In your blogpost “Comments on Limitations of Bayesian Leave-One-Out Cross-Validation for Model Selection” you write that “My recommendation is that if LOO comparison taking into account the uncertainties says that there is no clear winner”…“In case of nested models I would choose the more complex model to be certain that uncertainties are not underestimated”. Could you provide some references or additional information on this claim?

I have to clarify additional conditions for my recommendation for using the encompassing model in the case of nested model

models are used to make predictions the encompassing model has passed model checking the inference has passed diagnostic checks

The Bayesian theory says that we should integrate over the uncertainties. The encompassing model includes the submodels, and if the encompassing model has passed model checking, then the correct thing is to include all the models and integrate over the uncertainties (and I assume that inference is correct). To pass the model checking, it may require good priors on the model parameters, which maybe something many ignore and then they may get bad performance with more complex models. If the models have similar loo performance, the encompassing model is likely to have thicker tails of the predictive distribution, meaning it is more cautious about rare events. I think this is good.

The main reasons why it is so common to favor more parsimonious models

The maximum likelihood inference is common and it doesn’t work well with more complex models.

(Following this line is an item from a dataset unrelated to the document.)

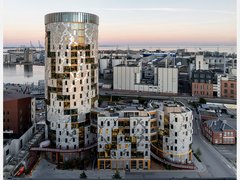 Gesamtansicht des Ensembles in städtischer Situation: weiträumige Außenaufnahme bei Dämmerung zeigt den runden Turm und die niedrigeren, organisch gegliederten Baukörper davor, Hafenanlagen am Horizont; Straße und Nebengebäude im Vordergrund.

Favoring the simpler models is a kind of regularization. Bad model misspecification. Even Bayesian inference doesn’t work well if the model is bad, and with complex models there are more possibilities for misspecifing the model and the misspecification even in one part can have strange effects in other parts. Favoring the simpler models is a kind of regularization. Bad priors. Actually priors and model are inseparable, so this is kind of same as the previous one. It is more difficult to choose good priors for more complex models, because it’s difficult for humans to think about high dimensional parameters and how they affect the predictions. Favoring the simpler models can avoid the need to think harder about priors. See also Dan’s blog post and Mike’s case study.

But when I wrote my comments, I assumed that we are considering sensible models, priors, and inference, so there is no need for parsimony. See also paper Occam’s razor illustrating the effect of good priors and increasing model complexity.

In “VAR(1) based models do not always outpredict AR(1) models in typical psychological applications.” https://www.ncbi.nlm.nih.gov/pubmed/29745683 we compare AR models with VAR models (AR models are nested in VAR models). When both models perform equally we prefer, in contrast to your blogpost, the less complex AR models because – The one standard error rule (“ Hastie et al. (2009) propose to select the most parsimonious model within the range of one standard error above the prediction error of the best model (this is the one standard error rule)”). Hastie is not using priors or Bayesian inference, and thus he needs the parsimony rule. He may also have implicit cost function… – A big problem (in my opinion) in psychology is the over interpretation of small effects which exacerbates by using complex models. I fear that some researchers will feel the need to interpret the estimated value of every parameter in the complex model.

Yes, it is dangerous to over-interpret especially if the estimates don’t include good uncertainty estimates, and even then it’s difficult to make interpretations in case of many collinear covariates.

My assumption above was that the model is used for predictions and I care about best possible predictive distribution.

The situation is different if we add cost of interpretation or cost of measurements in the future. I don’t know literature analysing what is a cost of interpretation for AR vs VAR model, or cost of of interpretation of additional covariate in a model, but when I’m considering interpretability I favor smaller models with similar predictive performance as the encompassing model. But if we have the encompassing model, then I also favor projection predictive approach where the full model is used as the reference so that the selection process is not overfitting to the data and the inference given the smaller model is conditional the information from the full model (Piironen & Vehtari, 2017). In case of a small number of models, LOO comparison or Bayesian stacking weights can also be sufficient (some examples here and here).